Further discussion with his family revealed that the patient was reluctant to walk since last month and he became significantly inattentive since last week.

Cranial imaging was done because the patient's seizures were afebrile; no other cause or biochemical abnormality was found. Cranial computed tomography showed dilatation of the third and the lateral ventricles caused by a 3x4x2 cm tumor in the posterior fossa, and hemorrhage inside the tumor with minimal tonsillar herniation (Figure 1). The patient was started with anti-edema (methylprednizolone) treatment. He was transferred to the pediatric intensive care unit. An emergent extra-ventricular drainage was performed to relieve intracranial pressure (ICP). He died nine hours after the admission to the hospital despite aggressive respiratory and circulatory support including intubation and mechanical ventilation, administration of inotropic agents and antibiotics.
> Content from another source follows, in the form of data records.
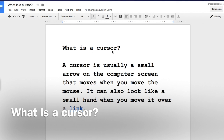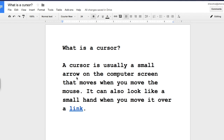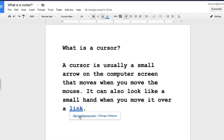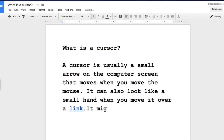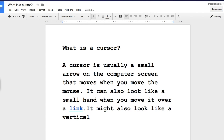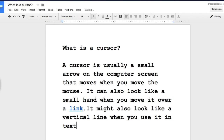What is a cursor? A cursor is usually a small arrow on the computer screen that moves when you move the mouse. It can also look like a small hand when you move it over a link. It might also look like a vertical line when you use it in text or while typing.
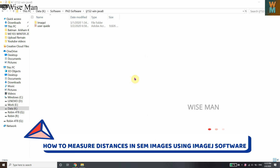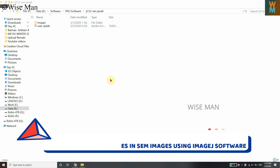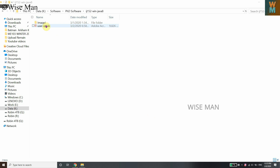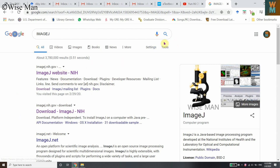Hey guys, in this video I'm going to show you how you can use ImageJ, which is a free software generally used to measure distances and edit images for research papers. We're going to see how to use ImageJ to measure the distances of an SEM image.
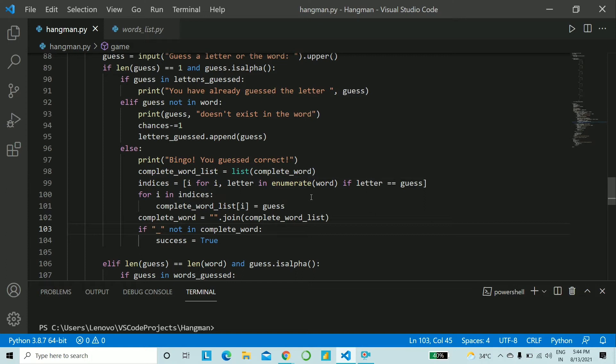Lastly we convert the list into a string again hence we are doing a join operation and if underscore is not in complete_word then you say success is true. So basically we are overwriting it with the correct letter now.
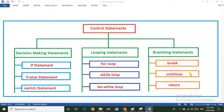The continue statement ignores a specific iteration of a program and executes the remaining statements. The return statement returns a value to the calling method and terminates the program. The return statement may or may not return a value to the calling method. Friends, don't forget to subscribe to my channel. Thanks for watching this video. In the next video I will explain each and every component of control statements programmatically.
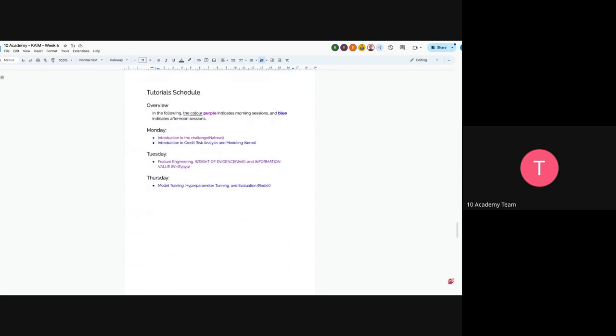So, the tutorial section would be, we will have an introduction to credit risk analysis and modeling would be given by Carol. And tomorrow, we will have another session on feature engineering, weight of evidence and information value given by Yaya. And on Thursday, we will have model training, hyperparameter tuning and evaluation, which would be delivered by Radiati.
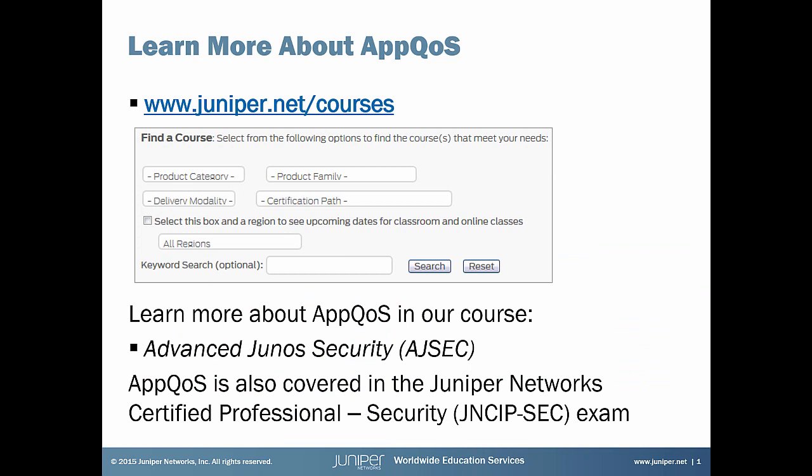Hi, Lawrence Rust from Education Services here at Juniper Networks. If you're interested in learning more about AppQoS, be sure to check out our Advanced Junos Security Course. AppQoS also shows up on our Juniper Networks Certified Professional Security Exam. For full details on the course, just visit juniper.net/courses and search for the class. Now let's get to your Learning Byte.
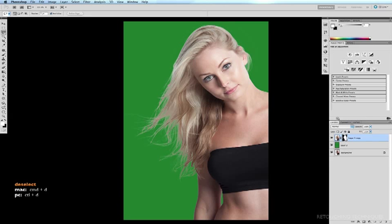Command D to deselect and we've just softened the edge of the top of the head so it's a little more uniform and in keeping with the rest of the hair. And so that's how you can mask out hair using Refine Edge or Refine Mask in CS5.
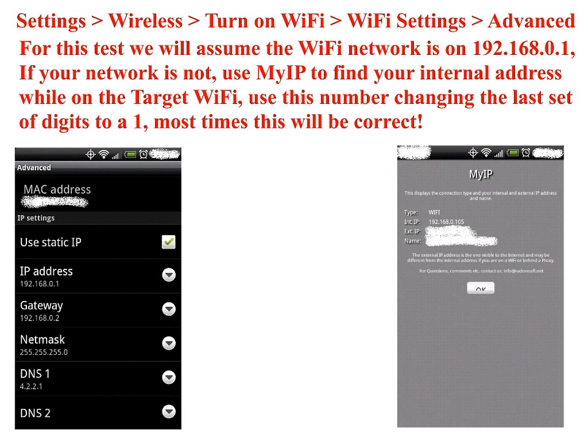Now go ahead and press your back button twice to go back to the wireless menu, turn off your Wi-Fi, and then turn it back on. If you connect to the network that you've set your settings for, it will be jammed within 5 to 10 seconds of you actually getting on the network. This includes wired and wireless devices alike.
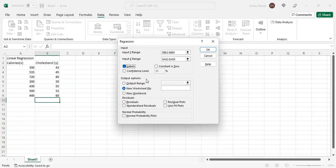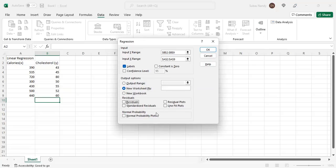I can click on the output range or it will automatically go to a new worksheet. New Worksheet Ply is already selected. I can also do residuals. Remember, residuals are the difference between Y actual values and Y predicted values. The Y predicted values come from the regression equation — residual is Y actual minus Y predicted for each value of X. Let's leave the residual plot for now and click OK.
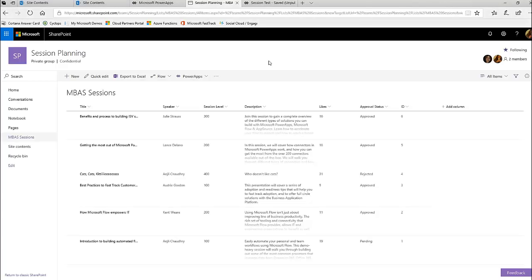Welcome to my YouTube channel. This video will go into a little bit more detail on the app that I made at the Microsoft Business Application Summit, in case you would also like to make the app along with some of the extensions that I did.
Tissue diagnosis was not available because his parents did not give permission for autopsy.


Gastroenteritis is by far the most common disorder presenting with vomiting in infants, children, and adolescents. Gastroesophageal reflux disease, gastroparesis, mechanical obstruction, anaphylaxis, Munchausen syndrome by proxy (factitious disorder by proxy), intracranial masses, peptic ulcer disease, cyclic vomiting, and diabetic ketoacidosis also may be diagnostic considerations. (5) We present a patient who had vomiting that was misinterpreted as gastroenteritis. After his clinical deterioration, it was understood that vomiting was due to a cranial mass.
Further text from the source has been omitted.